OKLAHOMA CITY — When Chris Ferrell took over the jazz band at a new school seven years ago, it was obvious that some of his most trusted, non-verbal tools for leading musicians wouldn’t work.
Ferrell leads one of the few high school bands in the country whose members are all visually impaired. He doesn’t conduct the band from the Muskogee School for the Blind, so much as he calls out song selections, claps his hands to give the student musicians a rhythm, counts them off and steps aside.
“Everything is either tactile or audio,” he said after a concert at the state Capitol this week. “There’s no real conducting. Once I count them off, that’s it. They have to be together as group.”
The 19 musicians are all visually impaired. They cannot see Ferrell, read normal music or any pick up any non-verbal cues.
Sight-reading braille music isn’t really feasible, since musicians need both hands to play their instruments.
So Ferrell’s band spends hours memorizing every selection, sometimes listening to songs over and over to learn nuances and how each instrument fits into the piece.
Ferrell said such ensembles are “more rare than you think.”
“We’re one of the only schools for the blind in the nation that has a band at all,” he said. “Most schools for the blind go towards choir.
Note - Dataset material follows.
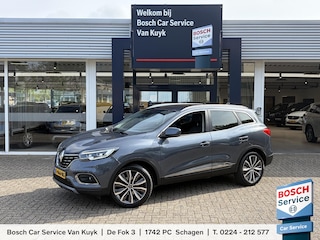 Renault Kadjar 1.3 TCe Zen / Automaat / Vol-Leder / Elektr.-Stoelen / Stoelverwarming / Cruise-Control / Apple-Carplay & Android-Auto / Trekhaak / Climate-Control / Keyless / DAB Radio-Bluetooth / Navi / PDC V+A / Camera / 19'' LMV / All-Season / ENZ.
“I’m not saying it’s harder than choir…but it’s just difficult playing a musical instrument,” he said.
And, he noted, his musicians simply wouldn’t have an opportunity to play in a traditional public school.
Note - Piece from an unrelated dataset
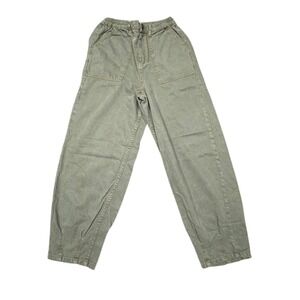 Women's BDG Urban Outfitters Pants Olive Green Elastic Waist Size‎ Medium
“There’s no way,” he said. “I mean, I taught public school, and we never had a visually impaired child in our class. It’s not geared for them.”
Still, given the prominence of some blind musicians — think Ronnie Milsap, Ray Charles and Stevie Wonder — Ferrell said there’s sometimes a perception that the visually impaired are naturally musically gifted.
“They’re just the same as everyone else,” he said. “Everybody works really hard, and it pays off.”
This week, Ferrell’s musicians were featured guests at the annual People with Disabilities Awareness Day at the state Capitol. They were fresh from a winning performance at a band competition in Tahlequah, where they’d taken top prize in their division and received the second-highest score overall.
Richelle Zampella, 15, an alto saxophonist, said she learns music first by listening to it. The more she practices, the easier it becomes.
“The faster passages (are) harder to pick up by ear,” she admits.
During her performance at the Capitol, the Muskogee freshman belted out what sounded like a flawless solo during the song “Little Sunflower.”
“It’s great experience, trying to find your own voice,” she said.
Tenor saxophonist Jennifer Ratliff said her favorite part of playing is showing people “that we can really play music well even though we’ve got a disability.”
In addition to the tenor sax, the 17-year-old senior from Roland plays piano and hopes to pick up even more instruments.
She hopes to take her love of music to Southern Nazarene University, where she’ll start college in the fall.